YOUR OBJECTIVE - Print the listing below only from the line that has "May include: A" through the line that has "Newcastle United head", exactly, and drop any picture.

::: EXTRACTED MATERIAL

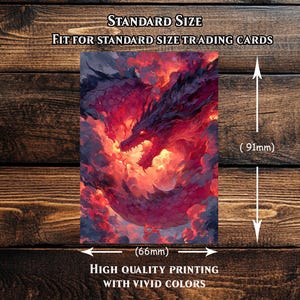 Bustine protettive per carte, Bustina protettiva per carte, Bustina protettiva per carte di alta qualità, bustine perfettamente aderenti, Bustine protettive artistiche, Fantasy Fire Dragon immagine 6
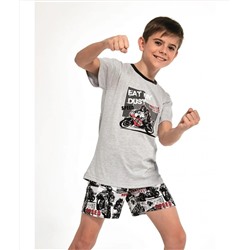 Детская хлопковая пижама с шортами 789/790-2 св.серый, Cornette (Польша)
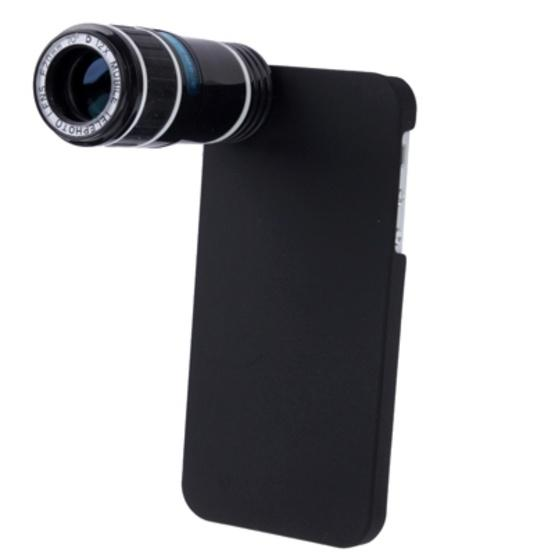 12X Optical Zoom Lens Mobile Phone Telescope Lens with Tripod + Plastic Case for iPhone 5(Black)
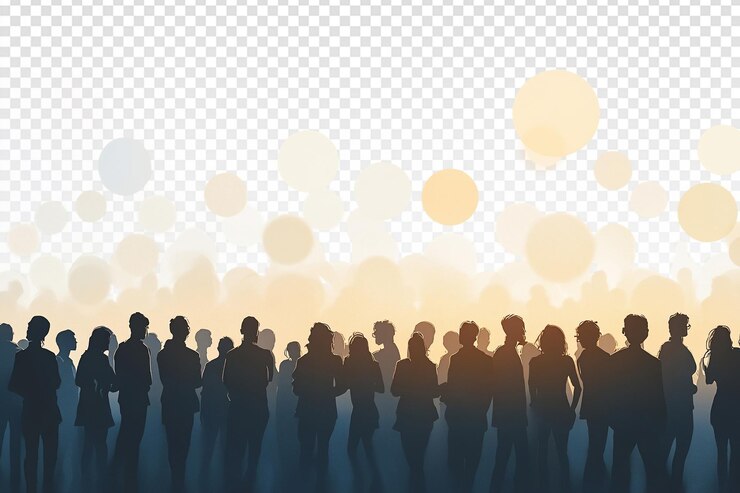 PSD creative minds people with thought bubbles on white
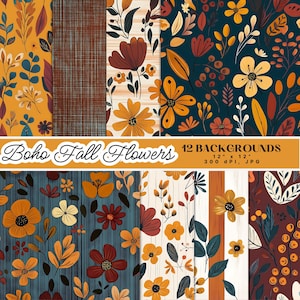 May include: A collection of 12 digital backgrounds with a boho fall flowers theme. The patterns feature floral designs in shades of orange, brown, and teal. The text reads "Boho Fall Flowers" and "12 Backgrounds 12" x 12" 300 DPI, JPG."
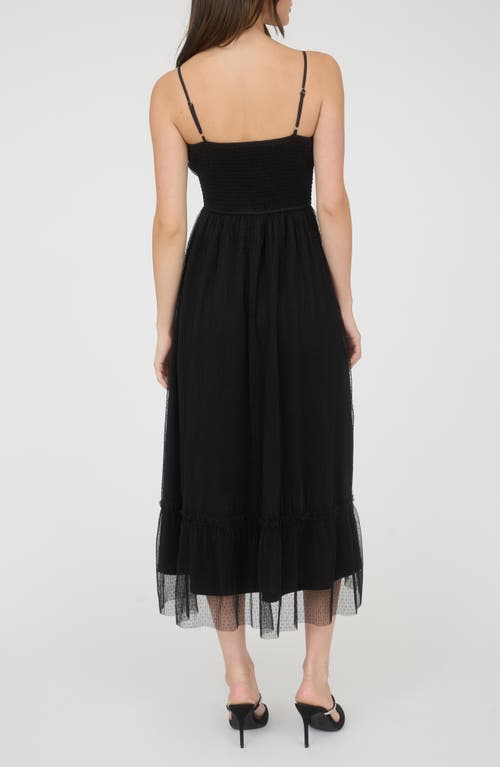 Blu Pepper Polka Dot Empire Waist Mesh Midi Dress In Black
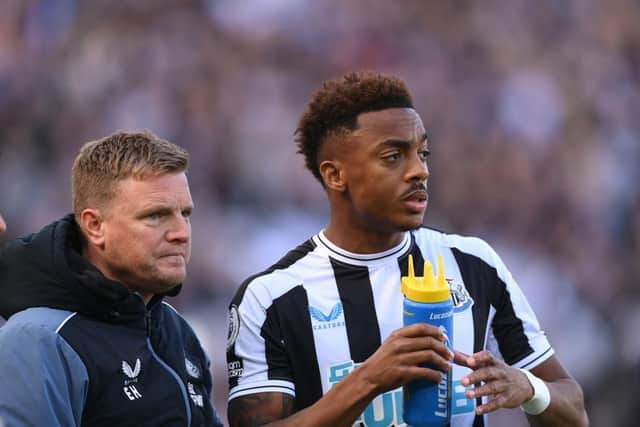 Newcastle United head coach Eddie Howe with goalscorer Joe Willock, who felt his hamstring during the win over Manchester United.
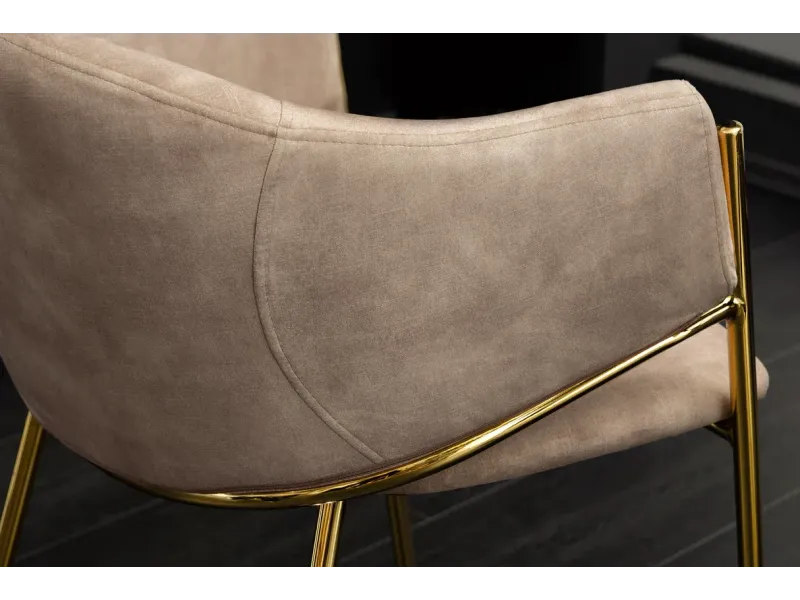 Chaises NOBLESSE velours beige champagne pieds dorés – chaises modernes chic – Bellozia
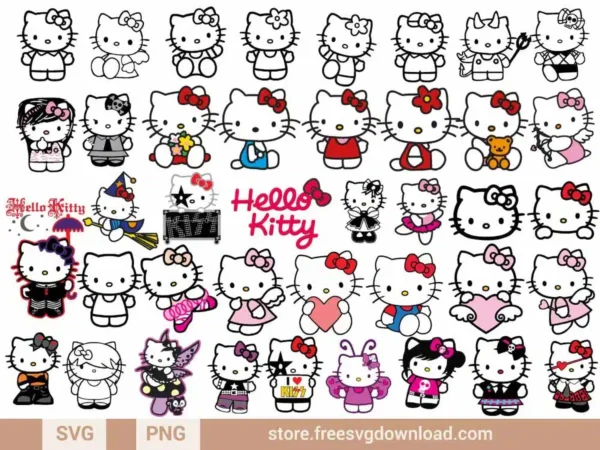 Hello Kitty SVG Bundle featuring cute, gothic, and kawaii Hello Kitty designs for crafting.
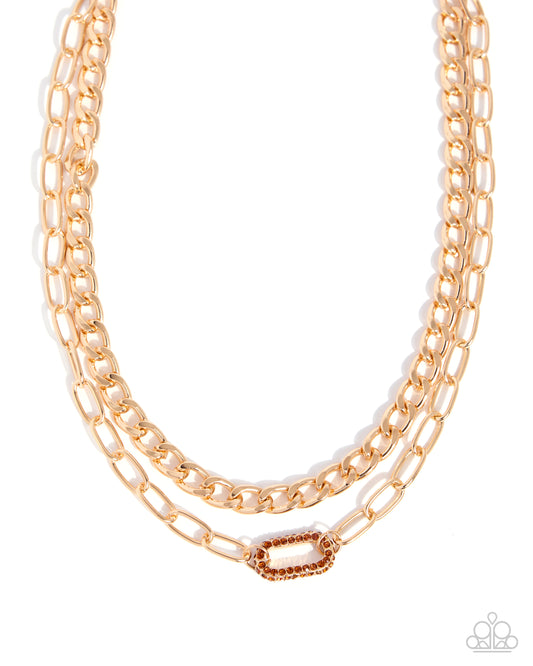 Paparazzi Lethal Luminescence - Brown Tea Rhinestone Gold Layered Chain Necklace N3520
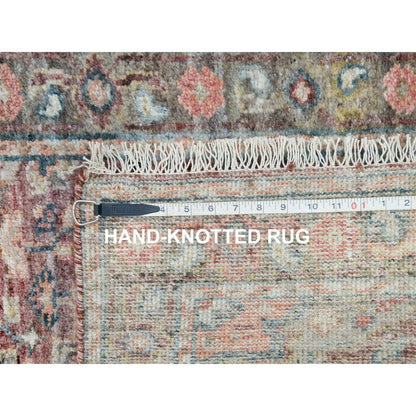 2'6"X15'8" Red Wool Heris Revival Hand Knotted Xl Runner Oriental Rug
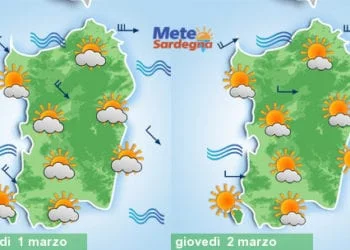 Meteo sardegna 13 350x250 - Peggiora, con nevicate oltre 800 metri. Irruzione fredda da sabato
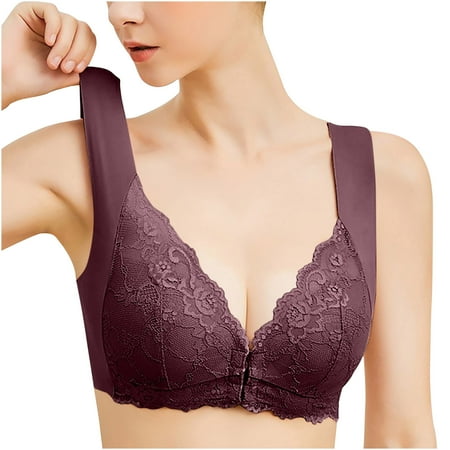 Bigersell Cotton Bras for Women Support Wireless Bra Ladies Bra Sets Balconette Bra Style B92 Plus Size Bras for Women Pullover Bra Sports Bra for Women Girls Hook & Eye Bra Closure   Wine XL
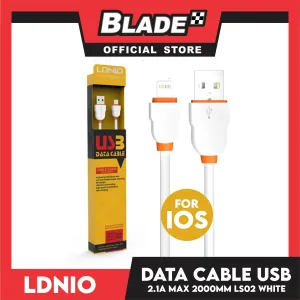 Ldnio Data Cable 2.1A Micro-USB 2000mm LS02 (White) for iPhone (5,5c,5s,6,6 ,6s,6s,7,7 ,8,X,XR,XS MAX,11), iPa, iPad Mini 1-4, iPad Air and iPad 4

::::::

ANSWER AREA -
 May include: A collection of 12 digital backgrounds with a boho fall flowers theme. The patterns feature floral designs in shades of orange, brown, and teal. The text reads "Boho Fall Flowers" and "12 Backgrounds 12" x 12" 300 DPI, JPG."
 Blu Pepper Polka Dot Empire Waist Mesh Midi Dress In Black
 Newcastle United head coach Eddie Howe with goalscorer Joe Willock, who felt his hamstring during the win over Manchester United.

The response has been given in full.